Le terme « wushu » fut peu usité pendant l’antiquité chinoise, il ne s’est vraiment répandu qu’à la fin de la dynastie Qing et après l’avènement de la République de Chine en 1911. En 1915, Ma Liang édite son fameux manuel d’entraînement qu’il nomme « Les nouveaux arts martiaux chinois »[2]. À partir de cette époque, le terme « wushu » perd de son sens de techniques de préservations à caractère militaire pour désigner plutôt un type d’activité sportive traditionnelle. Ce changement prend en considération l'apport de la conception occidentale du sport (hygiène physique et rationalité anatomo-physiologique) et les conceptions médicales traditionnelles chinoises. La définition usitée de wushu dans les manuels devient alors : manière de pratiquer et d’utiliser les arts de combat, les pratiques et techniques afférentes (gymnastiques, hygiène sportive, etc.) et les enchaînements codifiés esthétiques ou gymniques.

 



Boxes externes et boxes internes:

Cette distinction a été construite en Chine à la fin du XIXe siècle et s'inscrit d'une manière générale dans la confrontation entre les conceptions occidentales du corps (médical, anthropologique, biomécanique, etc.) et les conceptions énergétiques (taoïste et bouddhiste) de la médecine chinoise traditionnelle.

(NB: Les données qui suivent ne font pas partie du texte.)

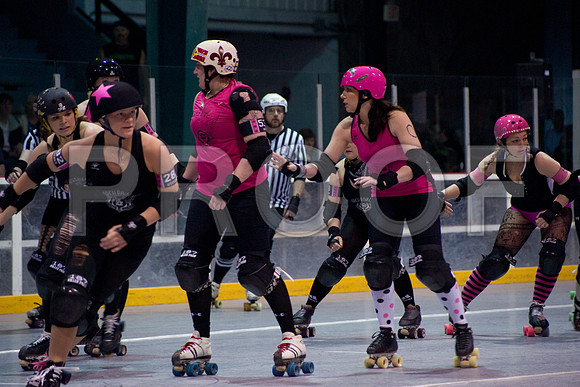 Slammers Vs Crimes Roller Derby
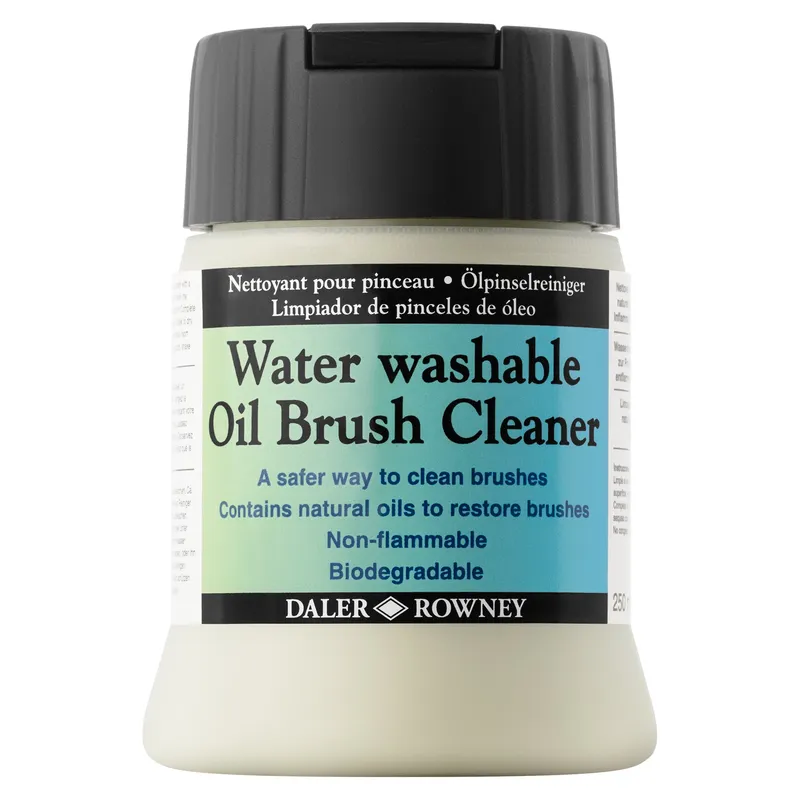 Daler-Rowney : Water Washable Oil Brush Cleaner : 250ml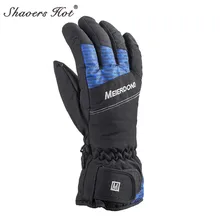 Men’s Ski Gloves Fleece Snow Snowboard Gloves Snowmobile Motorcycle Riding Winter Gloves Windproof Waterproof Unisex Snow Gloves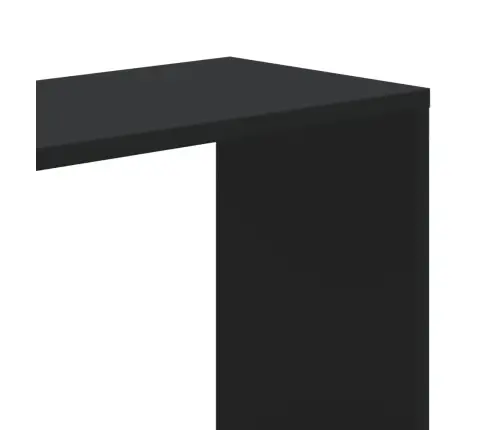 Knygų Spinta, 5 Aukštų, Juoda, 80,5X23,5X162,5cm Mediena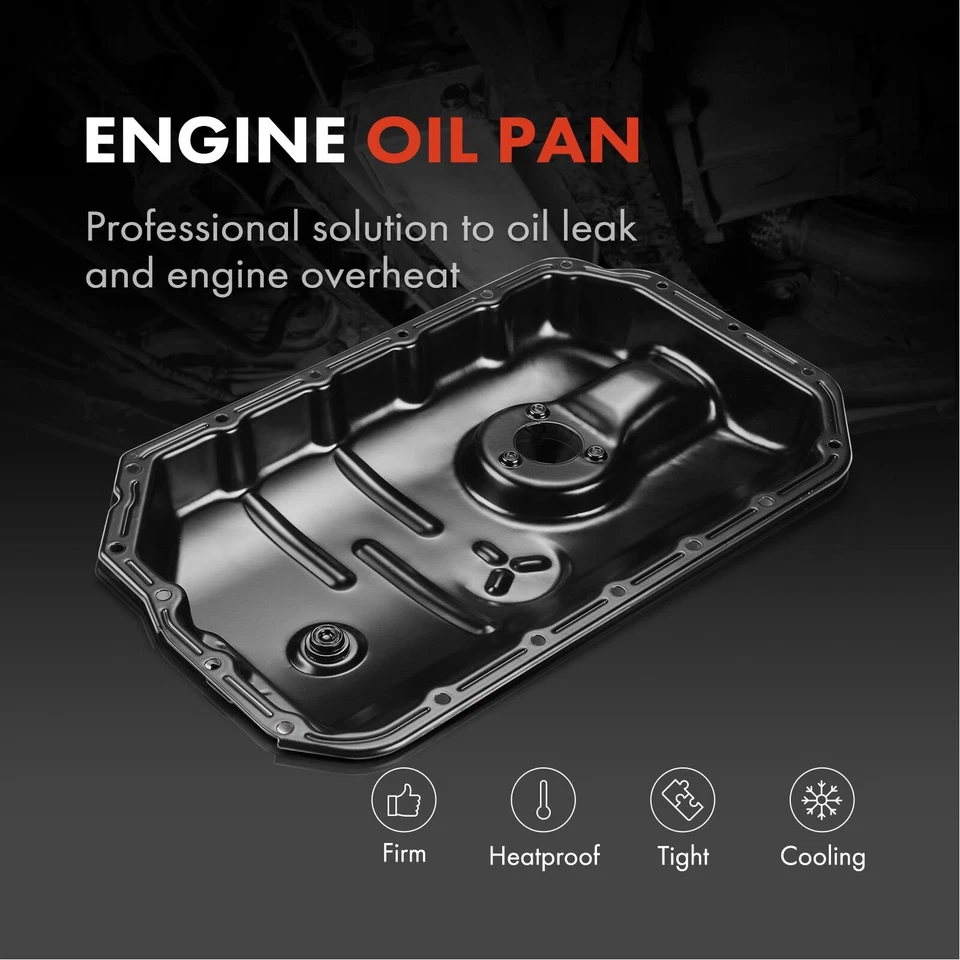 Panela de óleo do motor inferior para Audi Volkswagen A4 A5 A6 A7 A8 Quattro Q5 2008-2018 - Imagem 2 de 4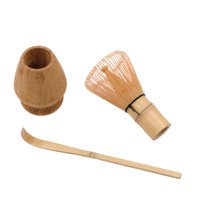 Magideal - Matcha Ceremony Accesorio Juego De De Té Juegos De Té Matcha Cucharadita 3 En 1 Utensilios De Arte De Té De Bambú Accesorio Para Hacer Té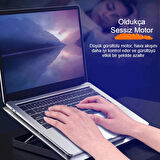 Notebook Soğutucu Hız Ayarlı Fanlı IceCoorel Alüminyum  Ergonomik Stand Sessiz Güçlü Soğutma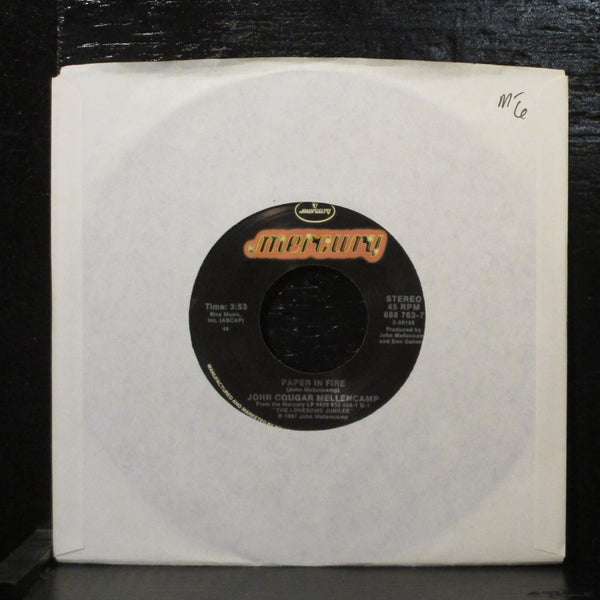 John Cougar Mellencamp - Paper In Fire / Never Too Old 7" Mint- Mercury 888763-7 - Shuga Records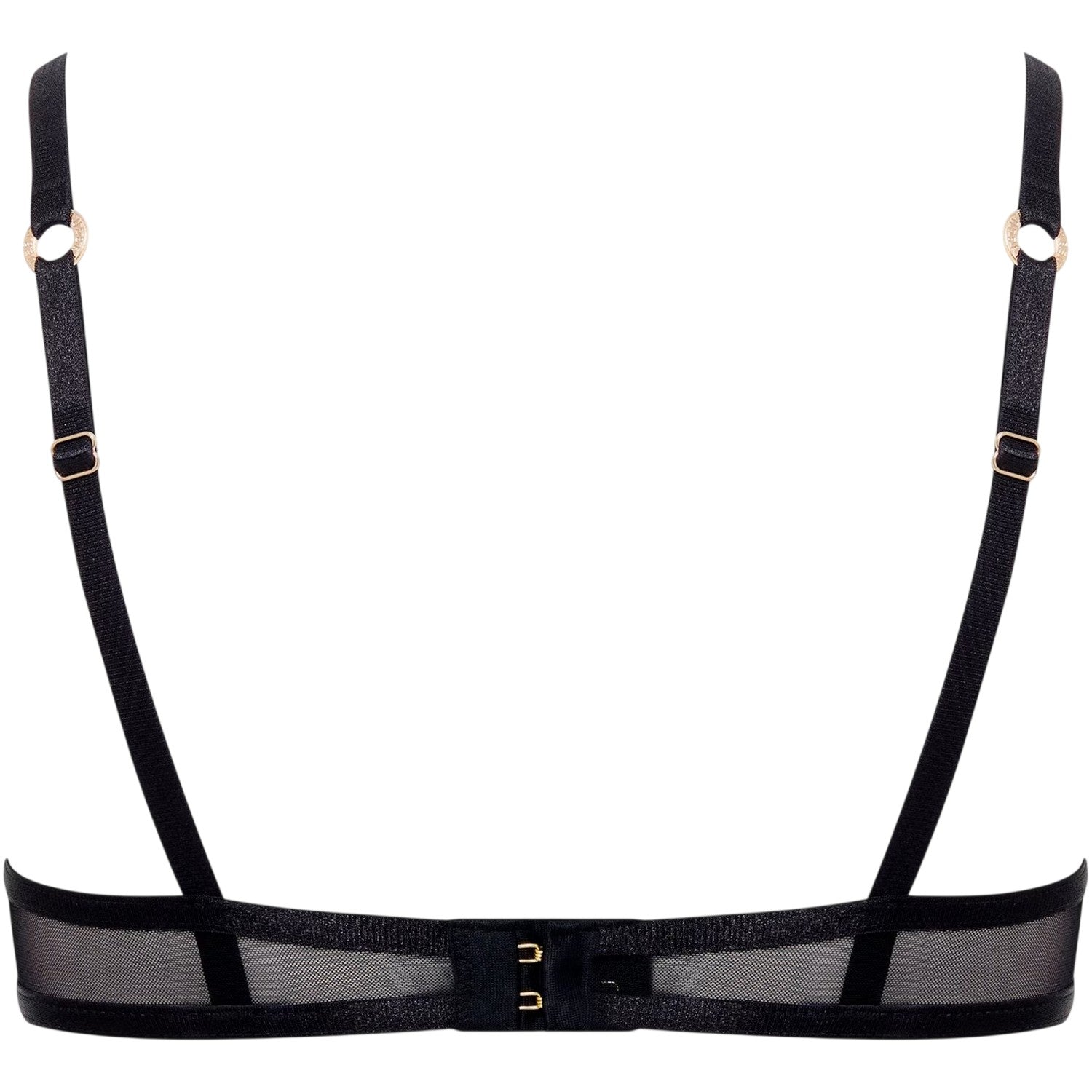 Black - Back - Bluebella Womens-Ladies Mesh Bra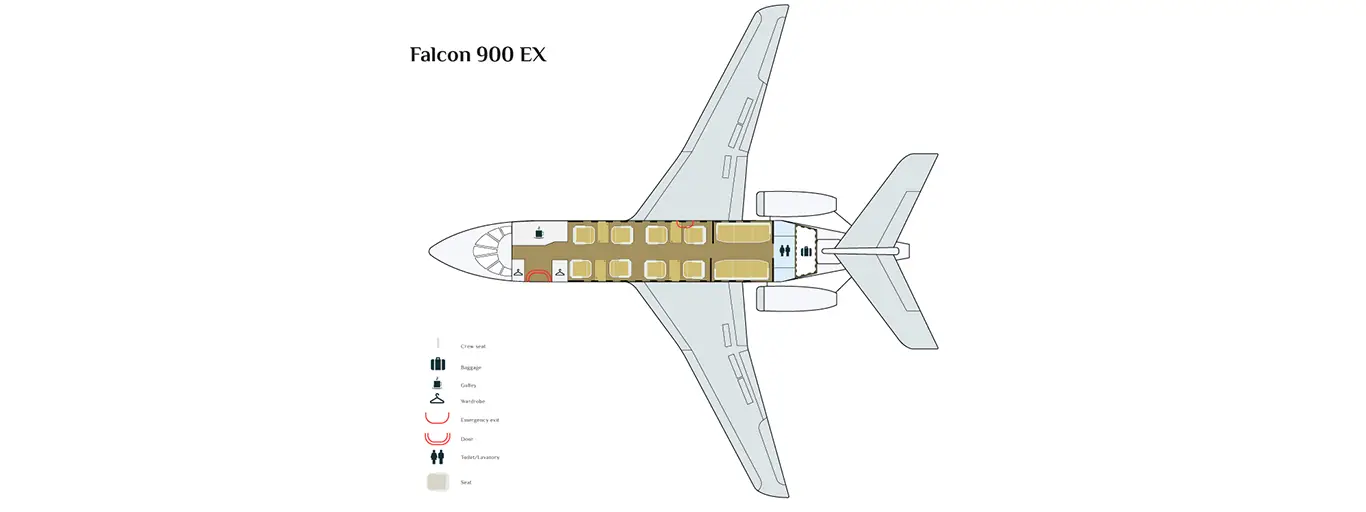 Dassault Falcon 900EX F-HREG operated by Airlec Air Espace photo 3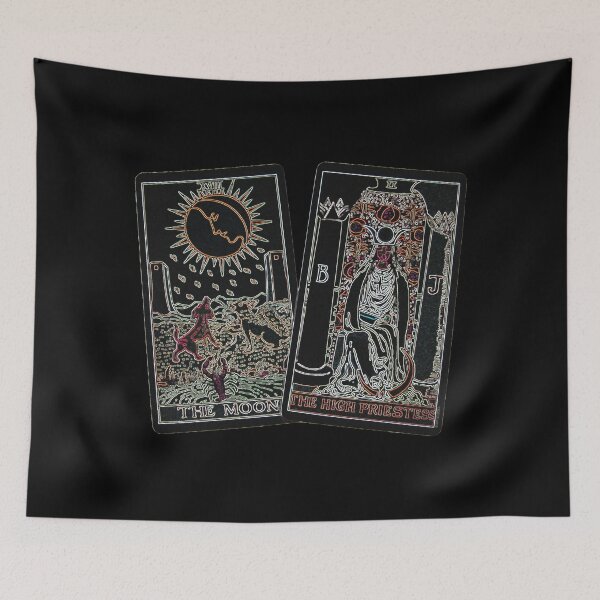 Item preview, The Moon And High Priestess Tarot designed and sold by WildandDivine.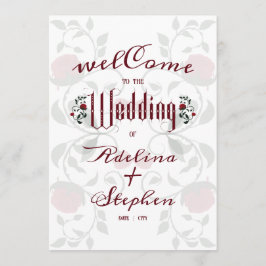 Gothic Wedding Rote Rosen Moody Order of Service Programm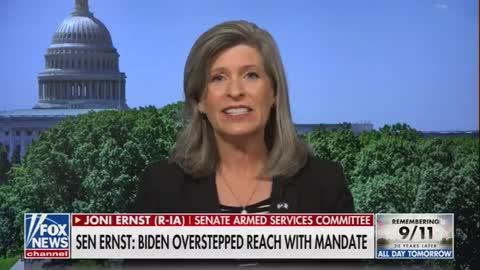 Sen Ernst slams Biden for "leading by coercion"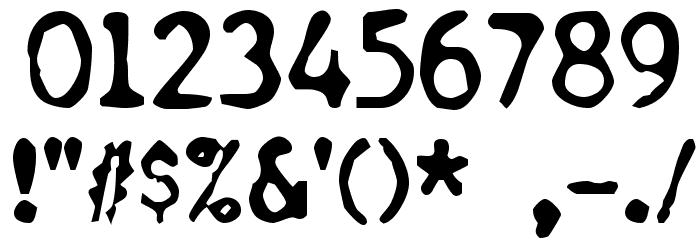 Chunk Type Font OTHER CHARS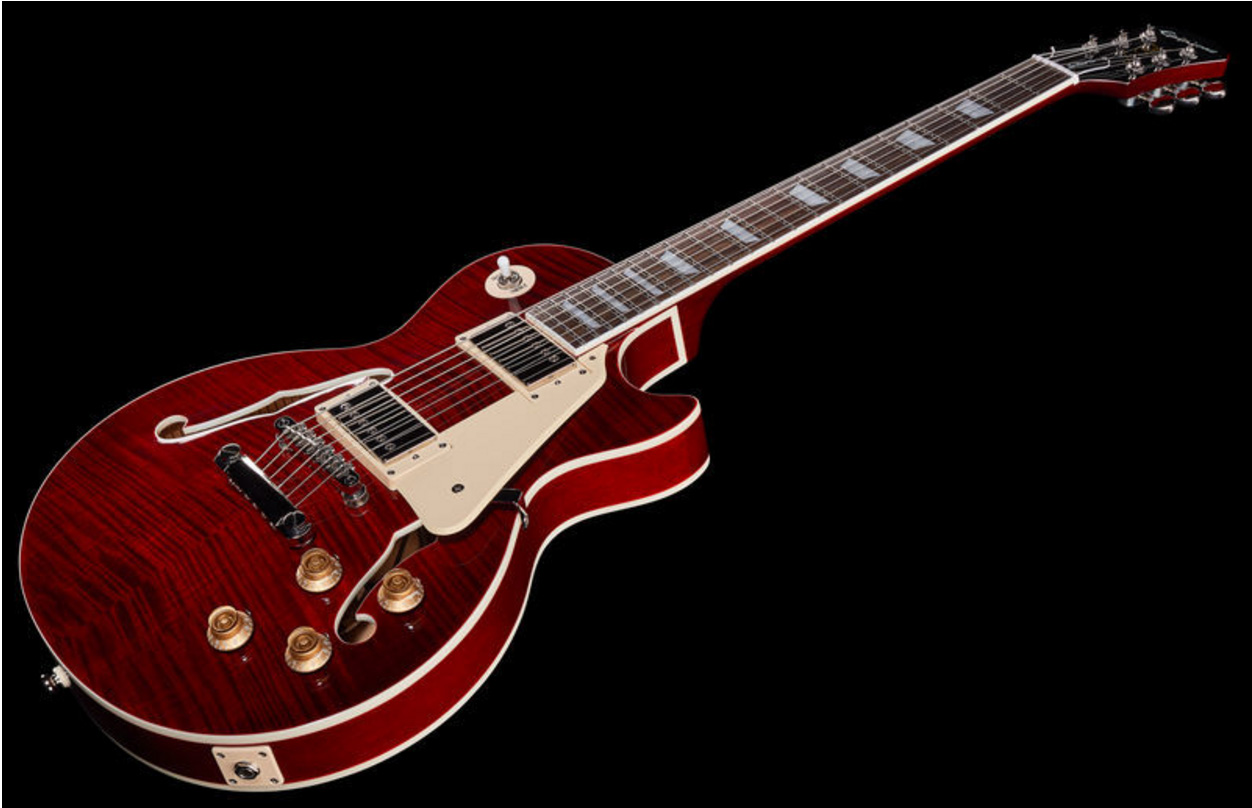 Epiphone Les Paul ES PRO - wine red Semi-hollow electric guitar red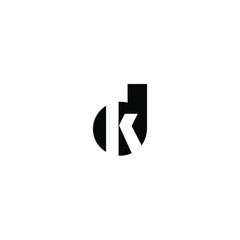 Initial Letter dk Monogram Logo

En Europe, cette distinction interne/externe consiste à considérer que les styles externes utilisent la force physique et la vitesse comme principes d'entraînement et les styles internes la maîtrise de la respiration, la décontraction et la lenteur pour guider l'énergie (Qi). Cette conception repose sur une connaissance des styles internes qui s'arrête au Taiji style yang popularisé en Chine après 1956 (Taiji à fonction thérapeutique), à l'ignorance des autres styles internes tels que Shunshi quan, xingyi quan, Bagua zhang, liuhebafa quan, et aux dimensions martiales de ces styles. Cette conception erronée repose aussi sur la méconnaissance des Qi gong propres à chaque style Externe. La popularité de cette distinction est sans doute à rapprocher du désir d'intellectualiser une pratique corporelle par des notions n'appartenant pas aux domaines scientifiques mais aux domaines médico-religieux.

L'examen des applications martiales des styles internes et des styles externes montrent que les principes de base sont identiques et que seules les pratiques diffèrent. Nous avons par commodité conservé cette distinction même si, pour les enseignants chinois des styles traditionnels, elle n'a aucun sens.